One gets used to the fact that such questions are not considered intrusive in Greek culture, you are expected to answer them succinctly, otherwise you may give offense. Upon being told that my wife's mother had been Greek, our host immediately dug her evidently soily hand into a glass bowl on her old wooden table and thrust a clutch of wrapped boiled sweets into each of our palms.
The room in which we stood was basic - to be kind about it. As is so often true of older village houses, the floor was bare concrete, the walls various shades of grubbiness from years of not having seen a roller and there was an ancient "so'ba" [log-burning stove] in one corner, stack of logs to one side. An old sink hung precariously from another wall and something which once resembled lace hung across the small window at the far end of the room, trying to masquerade as curtains. Such people can only be described as paupers, yet they are always generous with what little they have. It appeared that the older woman, the mother, was a widow and the younger (who must have been fifty if a day) spoke in such terms as to leave us in no doubt that she was sure she'd some day be snapped up by some lucky chap and would then produce an heir for her dear old mum.

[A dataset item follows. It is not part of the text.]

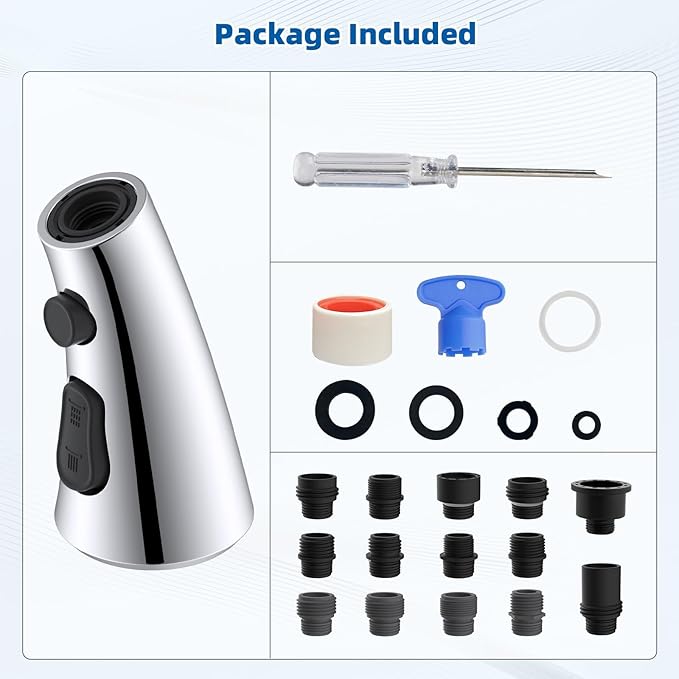 Hibbent Curved Pull Down Kitchen Faucet Head Replacement, 3-Function Kitchen Sink Spray Nozzle with 14 Adapters, Anti-Splash, Compatible with Kohler Bent Faucets, Chrome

"I'm still young" she declared, when we asked her if she was married or had children.
The photos were taken with my mobile, so the definition's not so great I'm afraid. We made our excuses and prepared to bid our hosts goodbye, stepping into the bright sunshine of the yard. The younger woman sped ahead of us across ten feet or so of once white-painted concrete to the huge pink rose bush growing beside the old gate and plucked two roses, along with twelve inches or so of stem, one for each of us. She pressed them into our hands and gave us a huge smile as we left, adding that we must drop in again next time we were passing.

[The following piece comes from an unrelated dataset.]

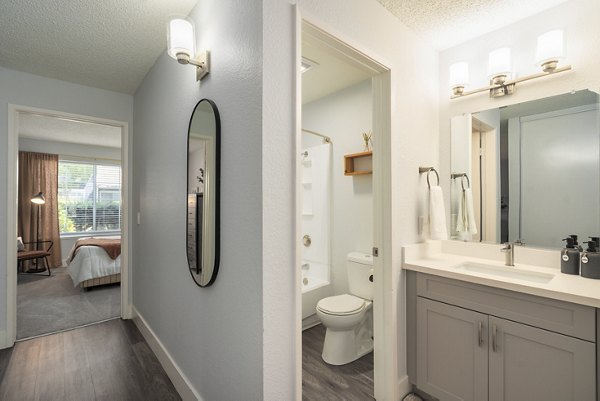 bathroom at The Arbors Apartments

We carried on walking around the village, passing the tiny cafenio, of which the village has only the one, out from which exuded the voices of the few local men as they got excited over their Ellenikos and backgammon games or tried to get their fellow villagers to see that their synopsis of the current crisis and how to solve it was surely the right one.
Out front of the cafe as we passed was a clutch of maybe ten or fifteen cats, all watching intently as the local fish-seller was plying his trade from those white polystyrene, ice-filled containers on the back of his pickup. A couple of villagers bade us Kalimer'a as we passed.
This is still how they make the bread and roast the joint for Sunday lunch.
And the one below shows how well along the vegetable gardens are in this village, its altitude working in favour of the locals planting up maybe a month ahead of the likes of us who live much further down and hence suffer the summer heat and drought for a few weeks more than they do up here.
Finally, the one below shows where you'd have to go to "spend a penny" (or perhaps more) on a dark and windy night in the wilds of Messanagros. Maybe a "po" under the bed wouldn't go amiss if you lived here, eh?